Alejandro la detuvo de inmediato, le decía con desesperación:
— ¡No,
Valentina! Por favor, no lo hagas, mi madre no está en su sano juicio.
— ¿Qué
has dicho? ¿Cómo se te ocurre pedirme algo así? ¡Claro! Tú eres su cómplice, he
estado viviendo al lado de dos delincuentes durante todo este tiempo.
— No,
Valentina, te juro que yo no sabía nada, estoy tan asombrado como tú.
— Lárgate
con la bruja de tu madre en este momento, pero te advierto que no te vas a
llevar a mi hijo. Quiero que sepas que ese niño es y seguirá siendo mi hijo,
así tenga que dar la mitad de mi vida peleando por tener la custodia total.
¡Fuera de aquí! ¡Vete!
Ámbar estaba muy nerviosa, sabía el grave error que acababa
de cometer. Estaba callada y con la mirada perdida. Mientras tanto, Alejandro
no tuvo otra alternativa que salir de la mansión con su madre antes de que las
cosas comenzaran a ponerse peor.
Valentina estaba muy afectada. Sandra al verla tan devastada,
se acercó a ella con ternura, Eloísa las
abrazó a ambas llorando. Había sido una noche de pesadilla para todos, el hogar
que con tanto amor había forjado, se había destruido en un momento.

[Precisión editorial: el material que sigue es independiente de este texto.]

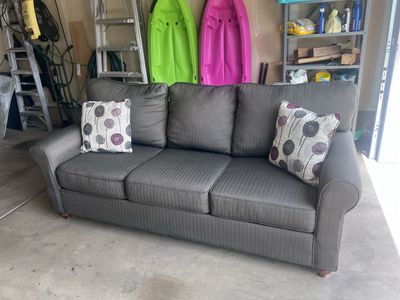 Comfortable Gray Herringbone Fabric Sofa Couch with Two Throw Pillows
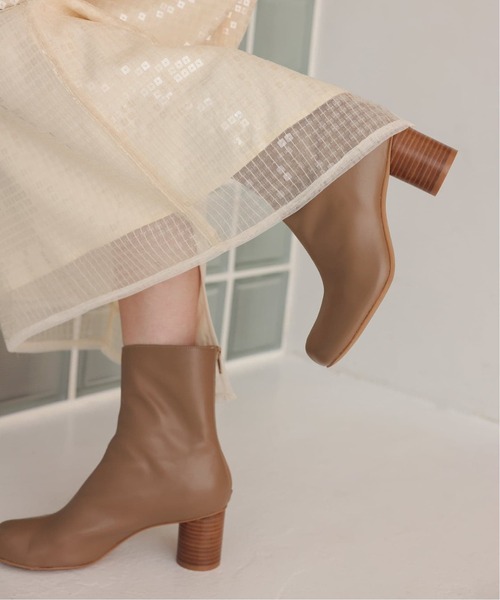 SLOBE IENA（スローブイエナ）の「《WEB限定サイズあり/追加2》SLOBE スクエアトゥショートブーツ（ブーツ・レディース・ブラック/ベージュ系その他・23cm/23.5cm/24cm/24.5cm/25cm）」の22枚目の写真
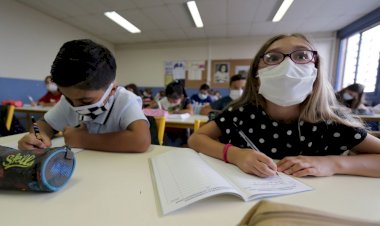 İspanya'da okullarda üç haftada 2 bin 852 sınıf Kovid-19'dan kapandı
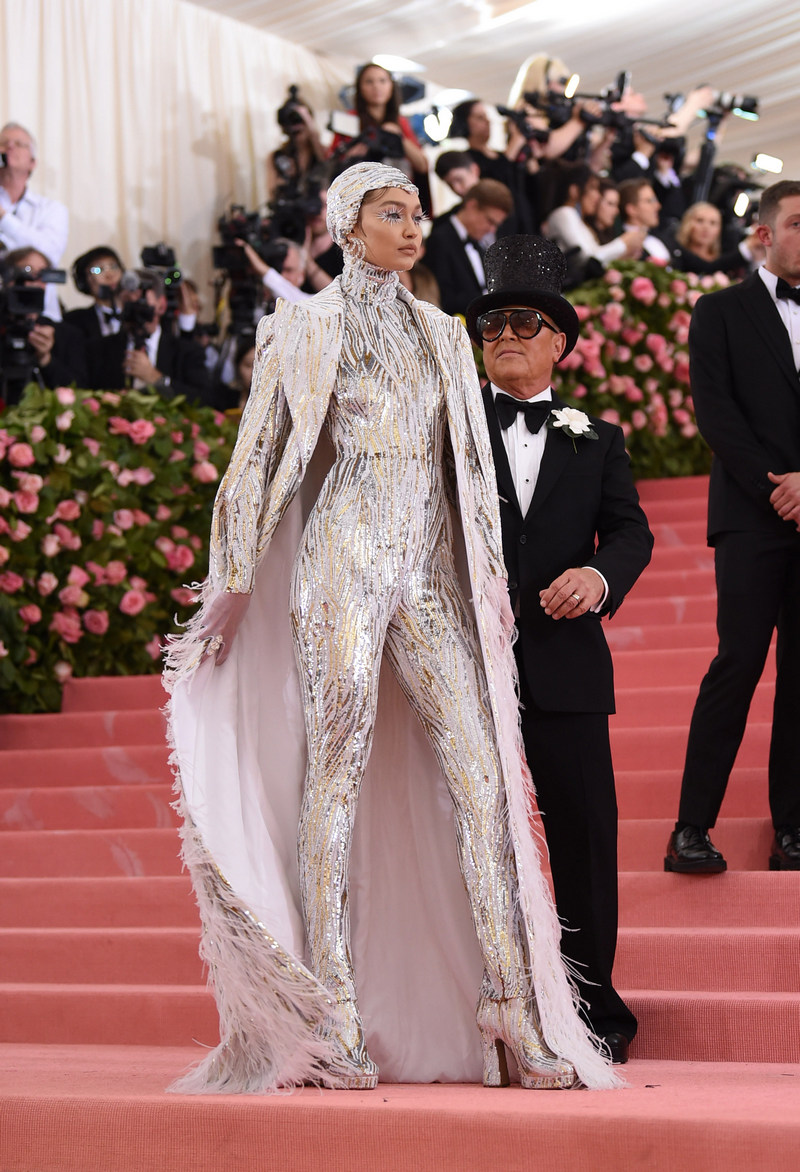 Леди Гага устроила стриптиз на балу Met Gala в Нью-Йорке: невероятные фото Леди Гага устроила стриптиз на балу Met Gala в Нью-Йорке: невероятные фото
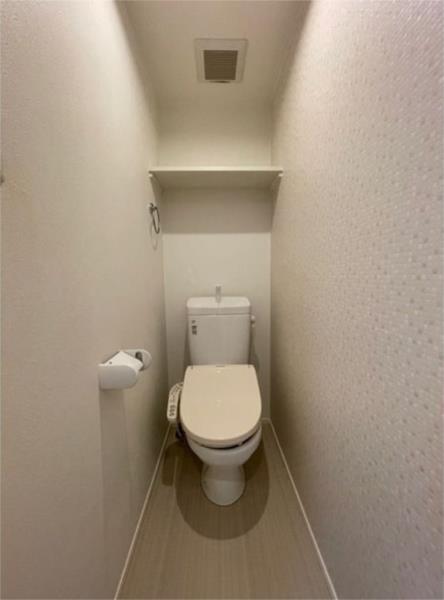 IMPERIAL　RESIDENCE塚本 トイレ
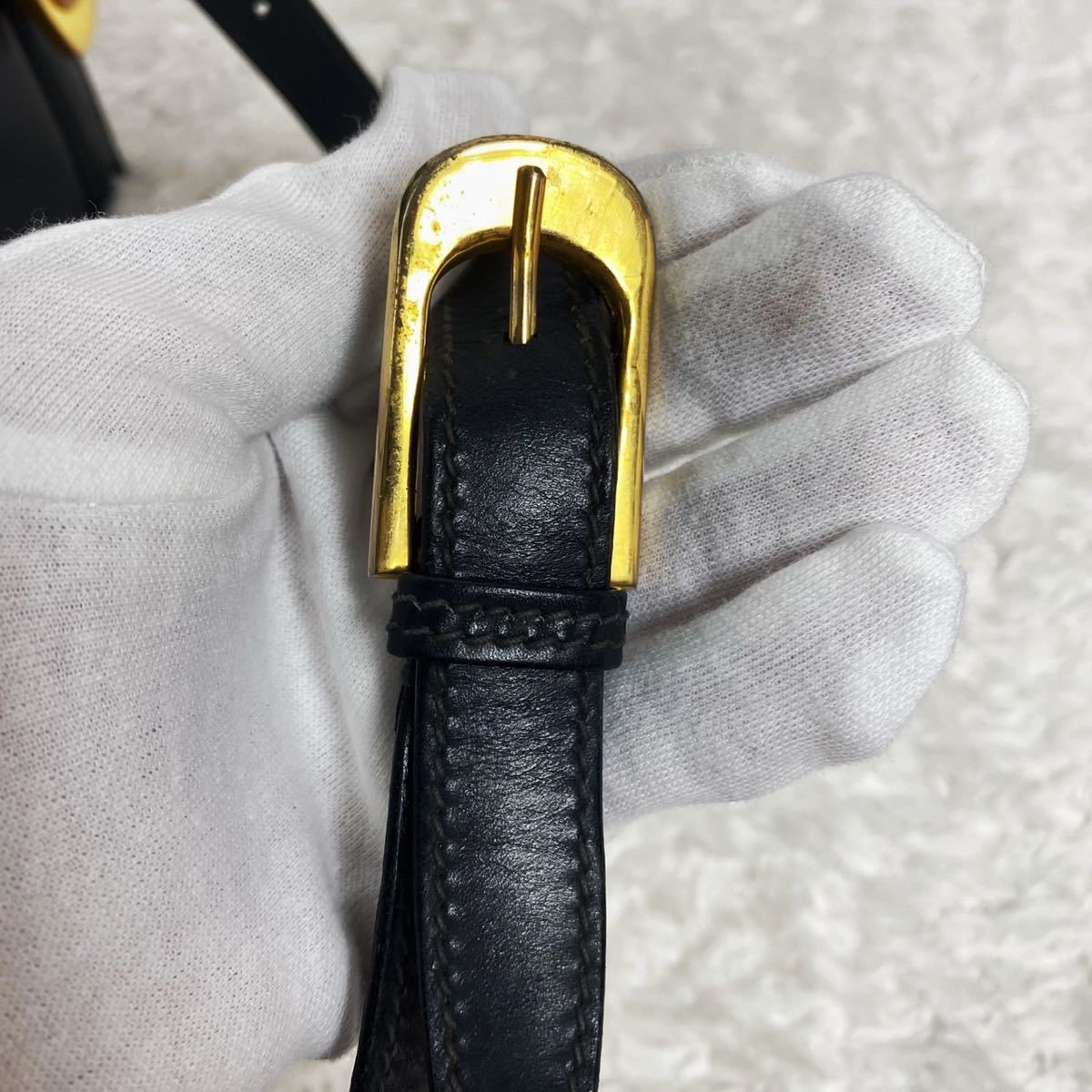 【極希少】グッチ ショルダーバッグ レザー ボックスカーフ ゴールド 金具 箱型 ボックス フラップ オールドグッチ 黒 ブラック GUCCI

Alejandro, no le quedó otra alternativa que irse con su madre
a un hotel. Estaba muy nervioso, no podía imaginar lo que pasaría si Valentina daba
aviso a las autoridades.
(…)
Al día siguiente…
Sandra se encontraba en el comedor desayunando con Eloísa,
mientras Valentina se acercó y se sentó a tomarse un café con ambas. Se veía
demacrada y ojerosa; era evidente que había pasado la peor noche de su vida.
— Valentina,
hija, ¿cómo te sientes hoy? Me imagino que no habrás podido pegar un ojo en
toda la noche.
— Sí,
Sandra, así es, no pude dormir y por eso llamé al abogado Gómez para que
viniera hoy a primera hora.
— ¿Y
quién es el abogado Gómez?
— Él
era el abogado del padre de Alejandro. Le expliqué todo lo que está pasando y
me dijo que viene a hablar conmigo para que haga una demanda en contra de
Alejandro y su madre. Está dispuesto a ayudarme y será a partir de ahora mi representante
legal. Además, me dijo que tiene algo
muy importante que decirme.
Ambas se sorprendieron con la decisión de Valentina.
— ¿Pero
entonces eso quiere decir que estás dispuesta a denunciar a tu suegra por el
asesinato de nuestro padre? —le preguntó Eloísa.
— ¡Por
supuesto que sí! Esa asesina tiene que pagar todo el daño que nos ha hecho y no
voy a descansar hasta lograr que caiga sobre ella todo el peso de la ley.
— ¿Y
qué vas a hacer con Alejandro y Laura?
— Esos
dos van a pagar todo el daño que me hicieron. ¡Eso te lo juro!
Horas después…
Gómez era un abogado muy prestigioso y conocido por ganar
todos los casos que representaba. No en vano trabajó por muchos años para
Gustavo, el padre de Alejandro, además de haber sido su amigo personal.
Pero había algo que debía contarle a Valentina que podía dar
un giro a su favor.
— Y
bien, licenciado Gómez, ¿qué es eso tan importante que tiene que decirme?
— Descubrí
que la muerte del padre de Alejandro no fue a causa de su enfermedad.
— ¿Cómo
dice? ¿Pero entonces de qué murió?
— No
me cabe la menor duda de que la señora Ámbar es la responsable de su muerte.
— Pero
entonces esa mujer es una asesina y yo la tuve viviendo en mi casa durante todo
este tiempo. Ella tiene que pagar tanto la muerte del señor Gustavo como la de
mi padre.
— No
se preocupe, señora Valentina, que de eso me encargaré yo personalmente.
— ¿Y
qué va a pasar con la custodia de mi hijo? No quiero que se quede con Alejandro
y mucho menos que la desquiciada de mi madre me lo quite.
— Tenemos
muchos argumentos que podemos entregar al juez sobre la custodia del niño.
Estoy muy seguro que cuando el juez estudie su caso y se entere de cómo fue el origen
del menor, usted tendrá la custodia total.